Etnier and his second wife, Elizabeth Morgan Jay, spent a year cruising up and down the east coast in a 70-foot schooner called the Morgana. According to a biography of the artist on lushergallery.com, they bought Gilbert’s Head around 1934 and continued to live on the boat for another year while they fixed up the old house. Elizabeth was an author, and she wrote a popular book called “On Gilbert’s Head” about their time together. Sadly, the romance and adventure did not last. Etnier would later move to South Harpswell and acquire three more wives before his death in 1984.
Etnier was born in 1903 and was the grandson of a wealthy industrialist. His parents raised him in a mansion near York, Pennsylvania, and expected him to learn engineering and enter the family business. Etnier, however, was not interested in engineering. Nor was he interested in art. A trip to the Louvre bored him, as it contained nothing but “corridors filled with old brown paintings.” Strangely enough, it was a novel that got him interested in the subject. The book “Moon and Sixpence” by Somerset Maugham, which is based on the artist Paul Gauguin, gave him a purpose in life. Eventually, Etnier attended the Yale school of art, but found it just as stuffy and boring as every other school he had attended. He was kicked out for poor grades but went on to study at other art schools.
After attending a lecture by Rockwell Kent, Etnier wrote to the famous painter and asked to become his apprentice. Kent had never had a student before, and he was not impressed with Etnier’s work. But he agreed to take him on. Etneir’s paintings improved greatly under Kent’s guidance, and he began to master a semi-realistic style that focused on light. Soon he would be known for his landscape and seashore paintings. Many of these depict Maine, his chosen home, but others come from his frequent wanderings to the Caribbean, which earned him comparisons to Ernest Hemingway.
Etnier’s style varied over the decades. He gave up art during WWII to join the Navy, where he commanded vessels. Afterward, his paintings were more desolate and less colorful than before. Later his palette would mirror the fashions of the times, with more artificial and saturated colors during the psychedelic ’60s.

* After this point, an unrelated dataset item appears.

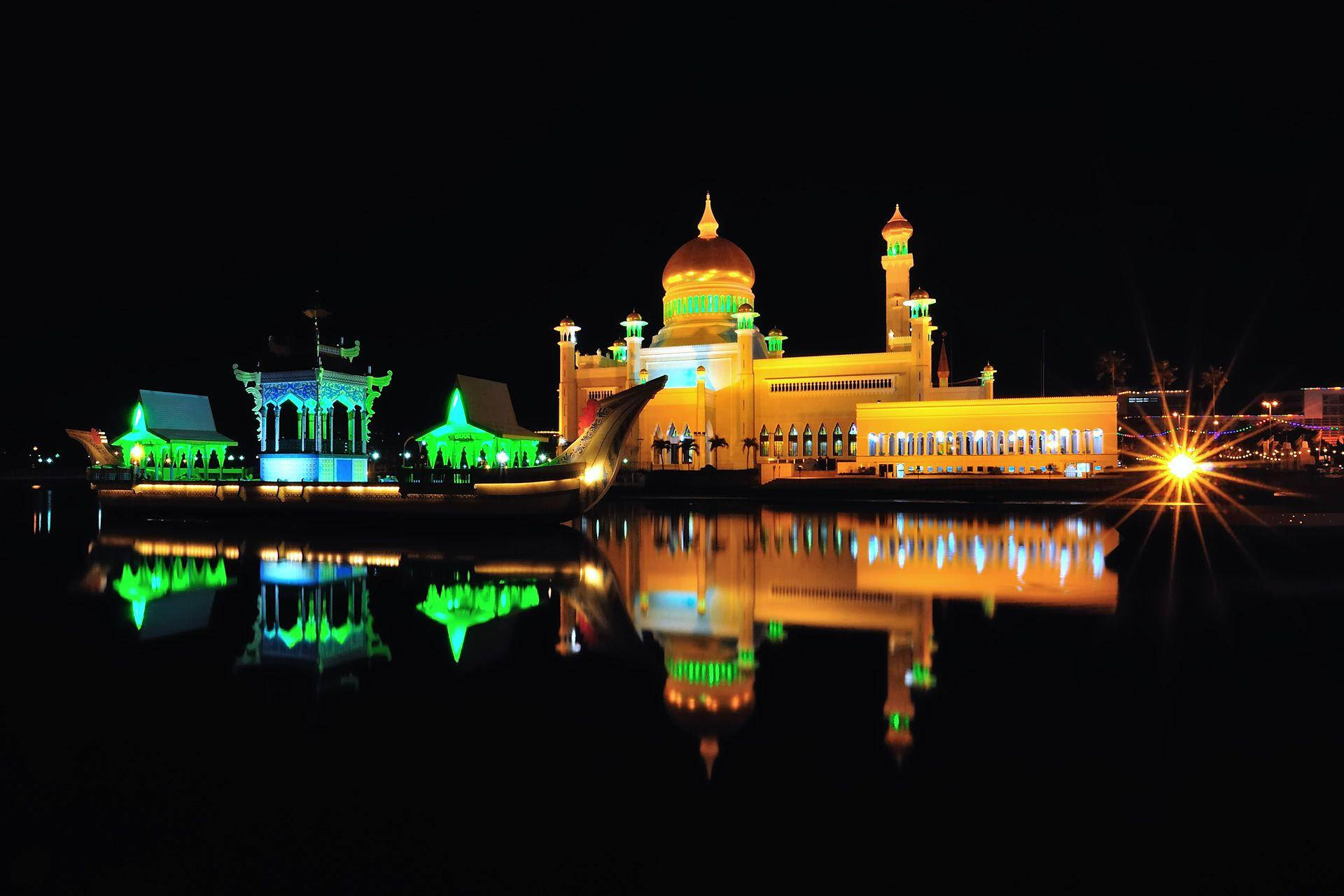 Green Glow Of Brunei Mosque Background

Etnier’s work sold in many art galleries, and can be found in many art museums in Maine and around the country. His career spanned many decades and five marriages. The most blissful time of his life, I would imagine, must have been the time he spent on Gilbert’s Head. A large antique house, a rocky shore for a front yard, and clear views of Popham Beach. Who could ask for a better location?